3.1.3. CO2 Foam Gel System Plugging Boundary
To verify the plugging limit of the CO2 foam gel system, a high permeability No. 2 core with a permeability of 643 × 10−3 μm2 was selected. The NMR T2 spectra and pore throat radius distributions before and after the injection of CO2 foam gel are shown in Figure 6 and Figure 7.
From Figure 6, it can be seen that after injecting CO2 foam gel in core No. 2, the oil repelling efficiency is 89.2%, and the high amplitude value area on the T2 spectrum decreases obviously, indicating that the large pore channel is effectively used; the low amplitude value area on the T2 spectrum increases, indicating that some crude oil is squeezed into the small pore throat when CO2 foam gel plugging is performed.
From Figure 7, it can be seen that the large pore throats in the CO2 foam gel plugging stage are basically all used, the pore throats are used in the range of 7–100 μm, and the remaining oil is mainly distributed in the 0.084–3.12 μm pore throats. The recovery rate is 95.1%, almost all of which is concentrated in the large pore channel, and the plugging limit of the CO2 foam gel system is 7–100 μm.

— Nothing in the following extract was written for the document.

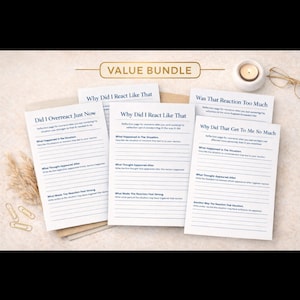 Puede incluir: Un paquete de valor de hojas de trabajo de autorreflexión con indicaciones como "¿Por qué reaccioné así?" y "¿Reaccioné de forma exagerada ahora mismo?" Las hojas de trabajo son blancas con texto negro, y el paquete incluye una vela, gafas y clips.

3.2. Different Combinations of Flow Control Systems
According to the field practice and plugging intensity, the usual combination of flow control for CO2 displacement is water/gas alternation + CO2 foam or CO2 foam gel (after gas firing) + water/gas alternation; however, whether this combination is reasonable and can maximize the utilization of oil remaining in different pore throats needs further verification. In this study, a high-temperature and high-pressure online NMR system was used to seal the pore with high-strength CO2 foam or CO2 foam gel before water/gas alternation, then compared with the conventional combination to study the degree of pore throat utilization and the ability to improve crude oil recovery, in order to select different combinations of flow control systems and provide a construction basis for on-site CO2 displacement plugging.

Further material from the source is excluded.